-- Problem description --
Copy out the data below from the line containing "Lady Justice 1" to the line containing "Kvinde Julemand Cosplay", both lines included, with all images left out.

-- Task input --
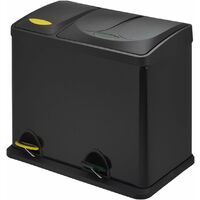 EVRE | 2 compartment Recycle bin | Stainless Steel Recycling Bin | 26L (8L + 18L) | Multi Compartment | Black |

---

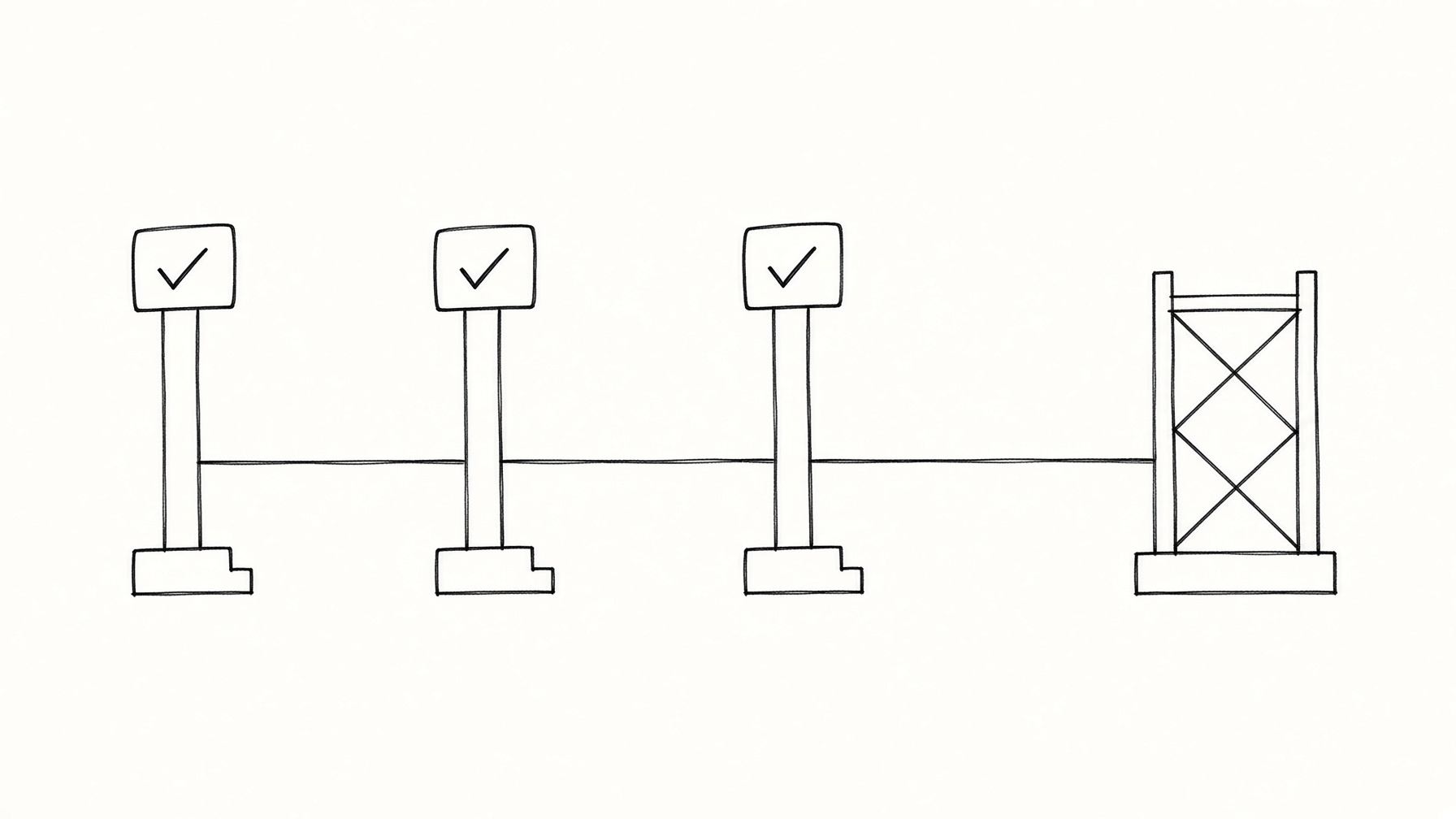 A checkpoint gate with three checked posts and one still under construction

==

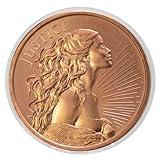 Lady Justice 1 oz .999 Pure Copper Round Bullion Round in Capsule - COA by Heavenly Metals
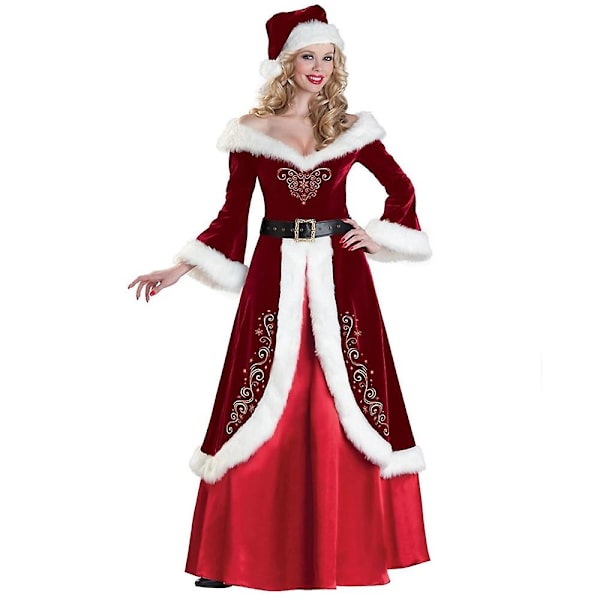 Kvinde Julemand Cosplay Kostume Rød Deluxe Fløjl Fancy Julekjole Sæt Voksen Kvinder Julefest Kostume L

-- Answer space --
 Lady Justice 1 oz .999 Pure Copper Round Bullion Round in Capsule - COA by Heavenly Metals
 Kvinde Julemand Cosplay Kostume Rød Deluxe Fløjl Fancy Julekjole Sæt Voksen Kvinder Julefest Kostume L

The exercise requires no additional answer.